Because supervisors are the first line of defense for negligence claims, the agency must ensure they're aware of all training requirements and how training is provided. However, this expectation goes both ways. Supervisors must understand how employees are trained, so they're aware when employees stray from what they have been taught. Using the example above, did the supervisor know that the employee had not been trained to dispatch medical calls? If so, did she/he bring this concern to the administration's attention? Did she/he offer the calltaker additional training, if possible?
In a February 2002 Workforce article, "Training that keeps liability at bay," Flynn discusses how negligence applies when the employer contributed to the injury by failing to train in a way that would have prevented the injury. To be effective, training policies must show how the instruction was delivered and how the dispatcher was evaluated on the knowledge.
In the example above, the agency expected that a call involving chest pains would be coded within 90 seconds of receipt. When questioned, the dispatcher stated she had never been told the call must be coded within a specified amount of time and she had not noticed that she had cancelled it by mistake. Unless the agency can prove the calltaker had been made aware of this policy, the agency has no defense. If, however, the supervisor can prove that training was provided, and documentation existed that showed the calltaker was told not to attempt to process medical calls until she had completed her remedial training, the agency may have a defense against negligence, and the supervisor has saved the day.

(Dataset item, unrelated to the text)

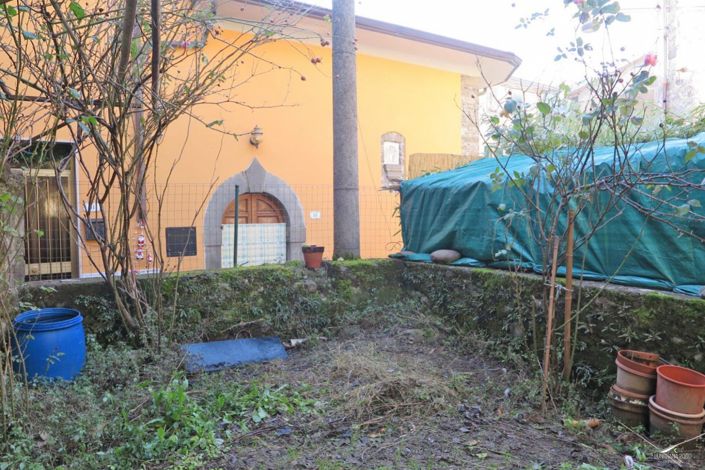 Image No.22-3 Bed Property for sale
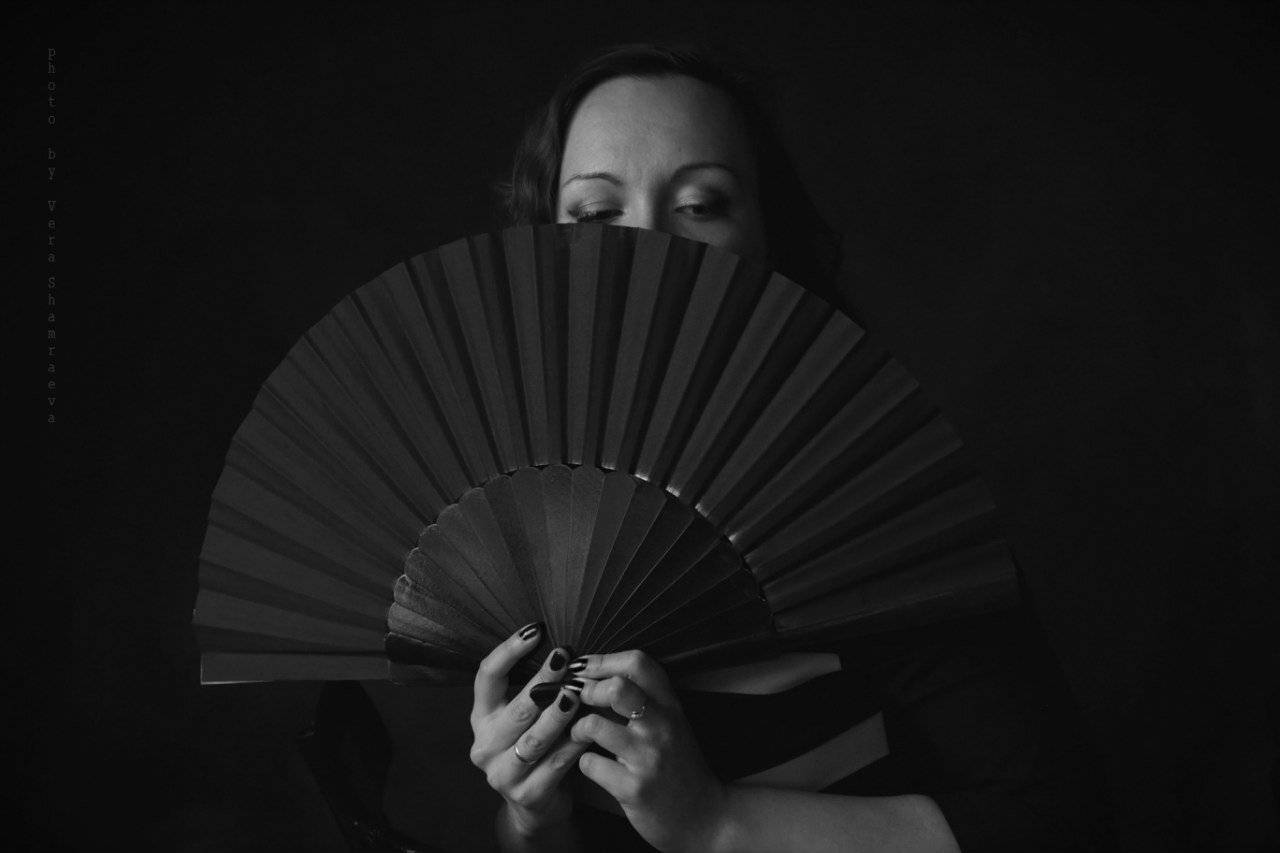 девушка веер чернобелое постановка, Вера Шамраева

The most significant area where supervisors can assist an agency in the question of negligence is in the evaluation process. All employees are going to make the occasional mistake, which puts the supervisor in the position of having to decide how much "importance" to put on the situation. Sometimes a minor or trivial mistake can be used as a training opportunity to review policy or discuss alternate ways of arriving at a conclusion.
That said, when the supervisor is aware of a series of recurring mistakes, she/he must document the situation. Addressing mistakes or complaints immediately is the first step, but follow-up is the crucial part of the puzzle that can defend against a negligence claim. If the supervisor found a problem, was there a documented solution? Was additional training offered and documented? Was there coaching or counseling, a verbal or written warning? Consistent evaluations, disciplinary records and training are all ways supervisors can help an agency defend against negligence claims by showing an awareness of problems and a pattern of corrections taken to prevent questionable behavior.
Supervisors are the first line of defense for both the employees and the agency regarding policy and training issues. If there is a disparity, supervisors should be aware that they may be the first, and possibly only, one to realize it.
However, it's important that supervisors don't feel they're solely responsible for preventing a negligence lawsuit. At the end of the day, legal issues fall squarely on the insurance company and lawyers. Rather, supervisors need to realize they're a valuable part of the process for defending against negligence charges in the workplace, and their knowledge and awareness can prevent small problems from morphing into lawsuits.
Learning about the areas the courts will look at in a negligent supervision or training accusation, how this differs from personal vicarious liability and what action they can take to prevent a small issue from developing into a lawsuit makes the supervisor a valuable part of an agency's proactive defense process.